Wednesday, August 06, 2014

The unpalatable truth? We, the Celtic fans, are to blame

The fans – once dubbed “the lifeblood of the club”, TGFIW (“the greatest fans in the world”, as if you didn't know that, already) stand accused.

Yes, we, who in our tens and hundreds of thousands have given our all to Celtic, for Celtic, even “Because” Celtic have no hiding place today. We, who have been immersed in the traditions of the club – or who have chosen Celtic more recently (all have their right to call themselves Celtic fans) stand accused.

That statement may seem unfair and it may even outrage some who stumble across this sad missive on a day of high emotion and low morale. But it is true.

And why? Because we let it happen.

We did not actively participate in the destruction of our club but we were eye-witnesses who did too little to help. Some of us complained a bit – but not enough – and a few protested. But, the truth is, we largely, en masse, listened to false prophets telling us how great this new, “pragmatic” approach would be.

As an inveterate socialist, I find myself paralleling Celtic to that other organisation that once was the vehicle of my dreams – the Labour Party.

I remember the transformation of Labour at a time when I was becoming, on a very small scale, politically active. It was the time of the “Dem Left”, the “New Realists” who would eventually be victorious in the battle for Labour minds (if not hearts) and reshape that party, forming it into something I could neither identify with nor care for, in pursuit of pragmatism.

Their side – the side of Kinnock and eventually Blair – won and my side, that hopelessly idealistic crew who thought that a Labour party that veered from its essential values was no Labour party at all, lost being consigned to a history in which Ned Ludd was the gatekeeper.

It won great success by the standards that those in power set for it.
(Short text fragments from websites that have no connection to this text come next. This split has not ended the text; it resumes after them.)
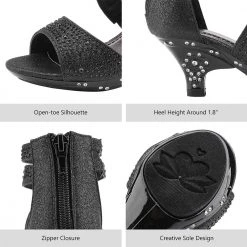 DREAM PAIRS Toddler Rhinestones Sandals 34 DREAM PAIRS Toddler Rhinestones Sandals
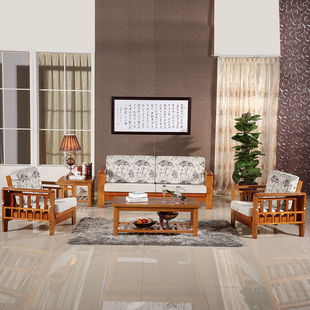 特价实木沙发木架沙发橡木沙发百搭客厅家具橡木组合沙发床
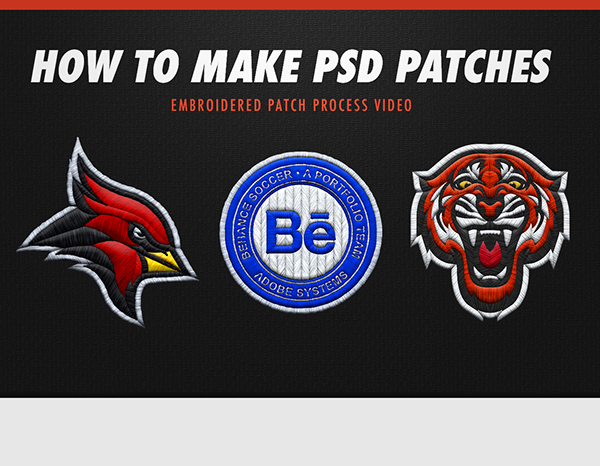 How to Make PSD Embroidered Patches - FREE PSD Assets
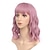 baratos Peruca para Fantasia-peruca curta rosa ondulada com franja feminina peruca curta rosa encaracolada com franja peruca ondulada pastel para mulheres peruca sintética na altura dos ombros perucas coloridas peruca cosplay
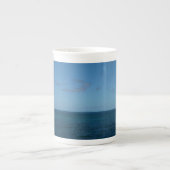 Tasse En Porcelaine Sainte-Lucie Horizon Océan Bleu (Devant)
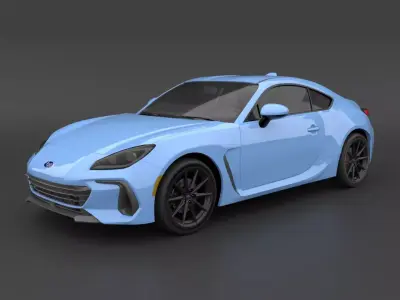 Subaru BRZ 2022 Low-poly 3D model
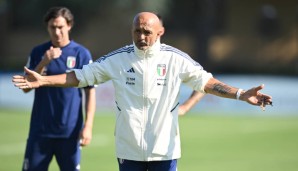 Luciano Spalletti ist heute zum ersten Mal als italienischer Nationaltrainer im Einsatz.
But I fell out of love with it, coming to resent it bitterly for taking something beautiful and idealistic and turning it into an entity without values, without soul, and justifying its metamorphosis in terms of Key Performance Indicators that had nothing to do with the Labour party I knew and in which I felt I belonged.

That whole New Labour experience was both a demoralising wake-up call warning -- that those things you wish to believe are less strong than the Machiavellian will of those unconstrained by the very notion of beliefs -- and a training exercise for compromising ideals and a commonly-understood set of values, even a code, when what seems the solidity of a century of mutual identity and understanding becomes disparaged as archaic, belonging in the past.

When New Celtic was born, many of us felt disquiet. But the spin was good – Mandelson and Campbell would have envied their mainstream and “independent” media manipulation – and their constituents were often too desperate to believe in a new dawn and too ready to believe the new informed, even intellectual, Celtic commentators who outlined the inevitable victory of the plan in such confident terms that those who had their doubts were routinely mocked and sidelined.

When we were clearly in decline, we did not all join in with the “happy clapper” brigade, scoffing at the plebs while snouts were in the troughs.

But the fans that once allowed themselves to be mocked for their “car park protests” adhered to the New Celtic spin that so many so wanted to believe in such numbers that we, collectively, left our club to the mercies of hard-bitten businessmen who think that everything that identifies a club can be expressed in terms of malleable brand values.

That if it cannot be recorded on the balance sheet, it has no worth.

What we have today, with an inexperienced manager working with a parlous squad, which has declined season-by-season, is our responsibility.

Because, “when they came for Celtic”, we did nothing.